The buddy-cop comedy by Seth Fried imagines a war over gentrification, and says something about the way we talk about urbanism.

“Density and dispersal. It’s a war we fight with our own lives everyday.” If there’s a thesis underpinning The Municipalists, the debut novel by Seth Fried, it’s this thought, offered early on by the protagonist, Henry. He’s the kind of guy you don’t hear much from in fiction: a somber, straitlaced urban planner who’s fond of cataloguing the many ways that cities outperform rural areas in terms of health outcomes, education, the environment, et cetera.

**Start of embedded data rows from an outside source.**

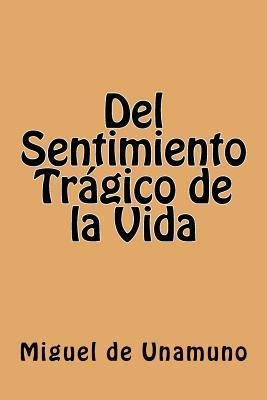 Del Sentimiento Tragico De La Vida (spanish Edition) - Mi...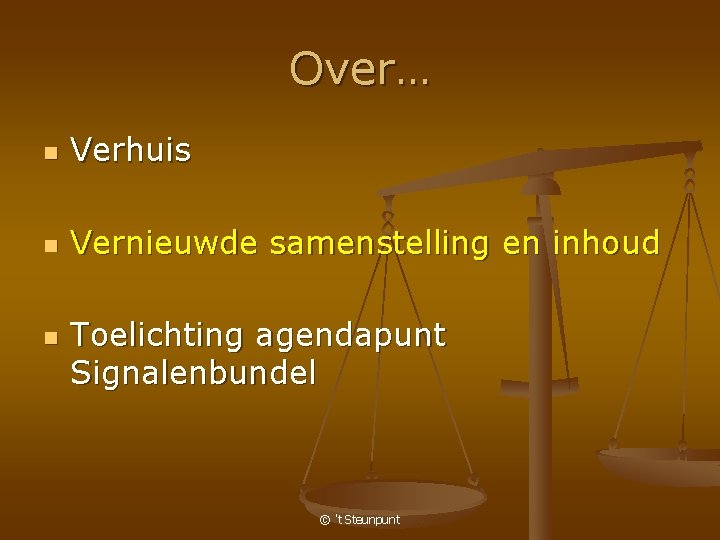 Over… n Verhuis n Vernieuwde samenstelling en inhoud n Toelichting agendapunt Signalenbundel © 't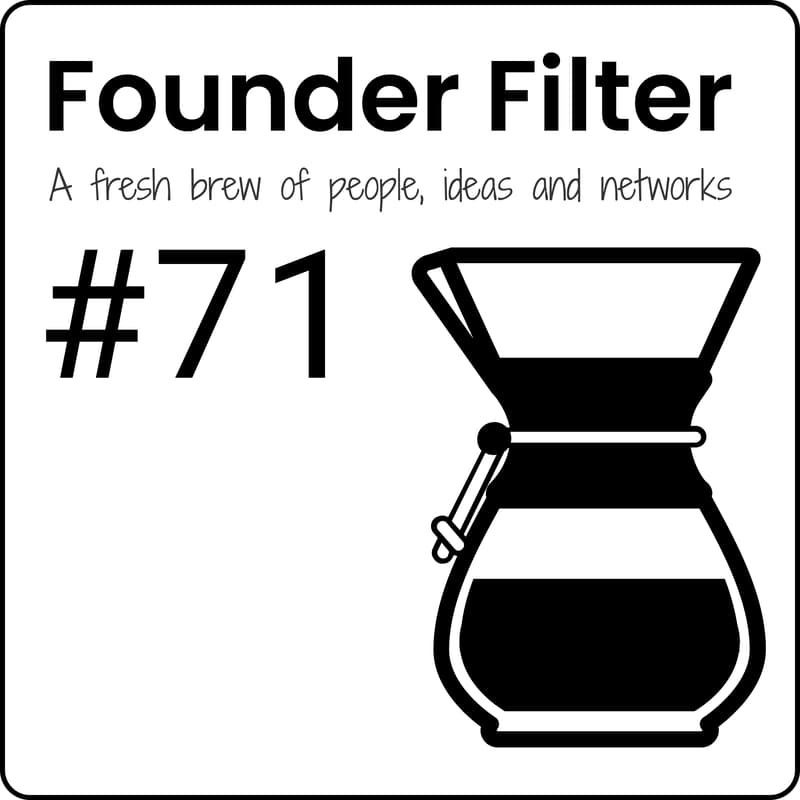 Cover Image for Founder Filter #71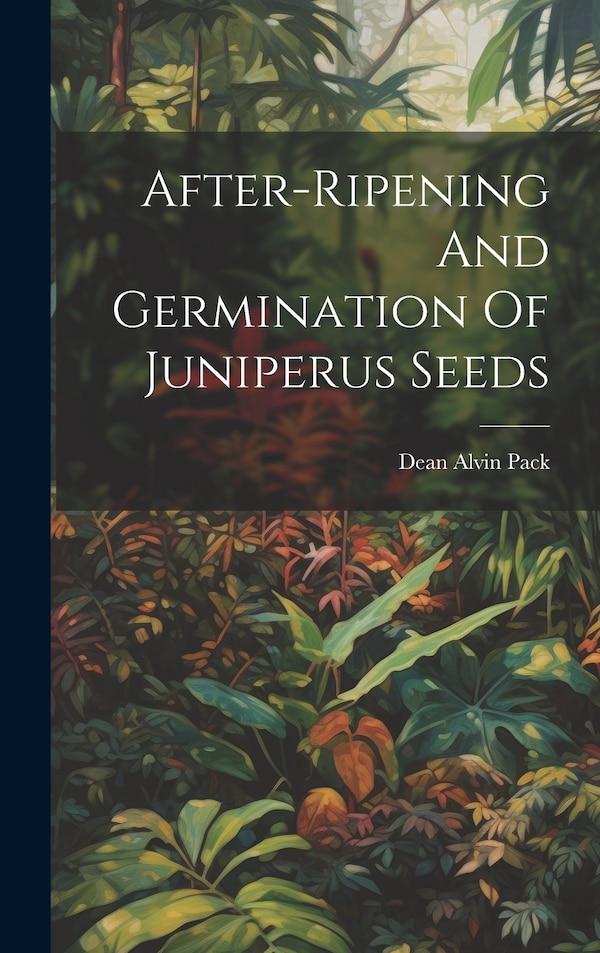 After-ripening And Germination Of Juniperus Seeds by Dean Alvin Pack, Hardcover | Indigo Chapters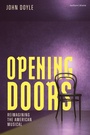 Cover: Opening Doors - Methuen Drama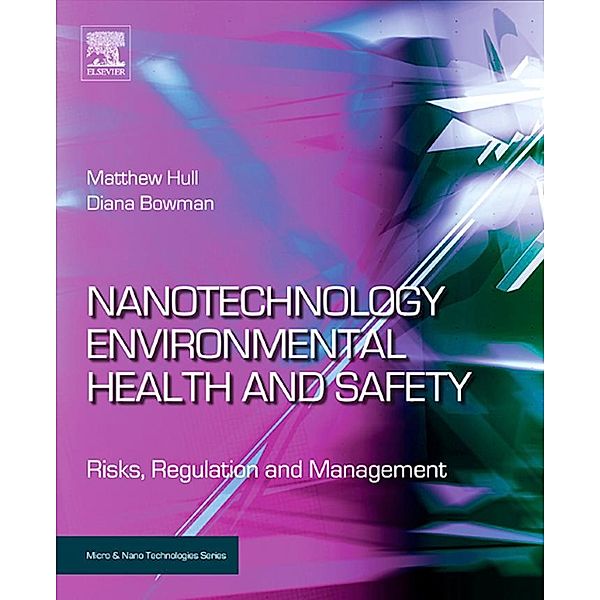 Nanotechnology Environmental Health and Safety, Matthew Hull, Diana Bowman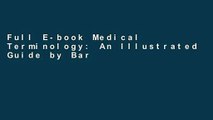 Full E-book Medical Terminology: An Illustrated Guide by Barbara Janson Cohen BA MSEd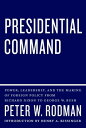 Presidential Command Power, Leadership, and the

In The Municipalists, the war is a literal one. Henry and his reckless robot sidekick are bureaucrats for the fictional U.S. Municipal Survey, and they’re dispatched to Metropolis to resolve a spiraling mystery of physical and cyber attacks that have taken place. It becomes clear that the attacks came from influential terrorists who oppose the urban planning policies of the USMS, the Metropolis mayor, and others. The terrorists argue that the city’s planners are incentivizing displacement of longtime residents and local businesses.

In case you’re wondering, Fried sides mostly with the terrorists. “Everything but the bombing, pretty much,” he says. He holds a healthy appreciation for Jane Jacobs, which inspired the plot and even gave him an excuse to make it funny.